You are viewing a plain text version of this content. The canonical link for it is here.
Posted to solr-user@lucene.apache.org by Cat Bieber <cb...@techtarget.com> on 2013/08/29 22:16:47 UTC

cores/shards with no leader

Hello,

We're running solr 4.2.0 and recently converted to SolrCloud. We've got 
16 cores, each with 1 shard. 3 zookeeper instances, 4 replicas of each 
core. We're suddenly having trouble with very slow tomcat restarts 
(15-45 minutes) and even when we can get a few replicas up, we aren't 
seeing a leader for many of our cores. I tried issuing a reload command 
through the cores admin, but it fails because there is no leader. Is 
there any way to cause an election? Restarting tomcat on individual 
servers in the cluster doesn't seem to help. We do have some cores that 
are serving request properly and would prefer not to shut down the whole 
cluster if possible -- this is a production system.

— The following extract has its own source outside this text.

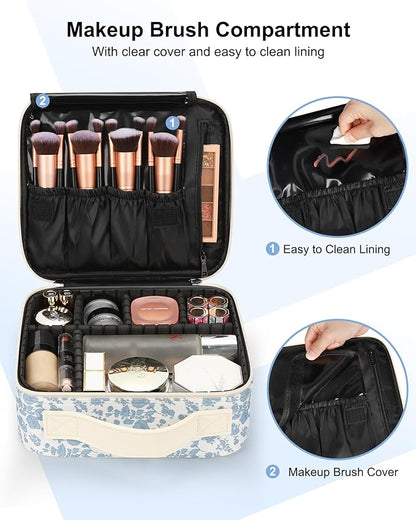 Relavel Travel Makeup Case, Professional Makeup Artist Makeup Bag, Portable Makeup Train Case Organizer with Adjustable Dividers, Cute Cosmetic Bags Birthday Gifts for Girls and Women, Floral Print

In addition, some cores are reporting a peculiar error, stack trace 
below. The cores that report this problem seem to be completely down 
across all replicas.

ERROR org.apache.solr.servlet.SolrDispatchFilter  - null
:org.apache.solr.common.SolrException: Error opening new searcher
         at 
org.apache.solr.core.SolrCore.openNewSearcher(SolrCore.java:1415)
         at org.apache.solr.core.SolrCore.getSearcher(SolrCore.java:1527)
         at org.apache.solr.core.SolrCore.getSearcher(SolrCore.java:1304)
         at org.apache.solr.core.SolrCore.getSearcher(SolrCore.java:1239)
         at 
org.apache.solr.request.SolrQueryRequestBase.getSearcher(SolrQueryRequestBase.java:94)
         at 
org.apache.solr.servlet.cache.HttpCacheHeaderUtil.calcLastModified(HttpCacheHeaderUtil.java:145)
         at 
org.apache.solr.servlet.cache.HttpCacheHeaderUtil.doCacheHeaderValidation(HttpCacheHeaderUtil.java:218)
         at 
org.apache.solr.servlet.SolrDispatchFilter.doFilter(SolrDispatchFilter.java:334)
         at 
org.apache.solr.servlet.SolrDispatchFilter.doFilter(SolrDispatchFilter.java:141)
         at 
org.apache.catalina.core.ApplicationFilterChain.internalDoFilter(ApplicationFilterChain.java:215)
         at 
org.apache.catalina.core.ApplicationFilterChain.doFilter(ApplicationFilterChain.java:188)
         at 
org.apache.catalina.core.StandardWrapperValve.invoke(StandardWrapperValve.java:213)
         at 
org.apache.catalina.core.StandardContextValve.invoke(StandardContextValve.java:172)
         at 
org.apache.catalina.core.StandardHostValve.invoke(StandardHostValve.java:127)
         at 
org.apache.catalina.valves.ErrorReportValve.invoke(ErrorReportValve.java:117)
         at 
org.apache.catalina.valves.AccessLogValve.invoke(AccessLogValve.java:581)
         at 
org.apache.catalina.core.StandardEngineValve.invoke(StandardEngineValve.java:108)
         at 
org.apache.catalina.connector.CoyoteAdapter.service(CoyoteAdapter.java:174)
         at 
org.apache.coyote.http11.Http11Processor.process(Http11Processor.java:879)
         at 
org.apache.coyote.http11.Http11BaseProtocol$Http11ConnectionHandler.processConnection(Http11BaseProtocol.java:665)
         at 
org.apache.tomcat.util.net.PoolTcpEndpoint.processSocket(PoolTcpEndpoint.java:528)
         at 
org.apache.tomcat.util.net.LeaderFollowerWorkerThread.runIt(LeaderFollowerWorkerThread.java:81)
         at 
org.apache.tomcat.util.threads.ThreadPool$ControlRunnable.run(ThreadPool.java:689)
         at java.lang.Thread.run(Thread.java:662)
Caused by: java.lang.RuntimeException: Already closed
         at 
org.apache.solr.core.CachingDirectoryFactory.get(CachingDirectoryFactory.java:237)
         at 
org.apache.solr.core.CachingDirectoryFactory.get(CachingDirectoryFactory.java:222)
         at org.apache.solr.core.SolrCore.getNewIndexDir(SolrCore.java:244)
         at 
org.apache.solr.core.SolrCore.openNewSearcher(SolrCore.java:1326)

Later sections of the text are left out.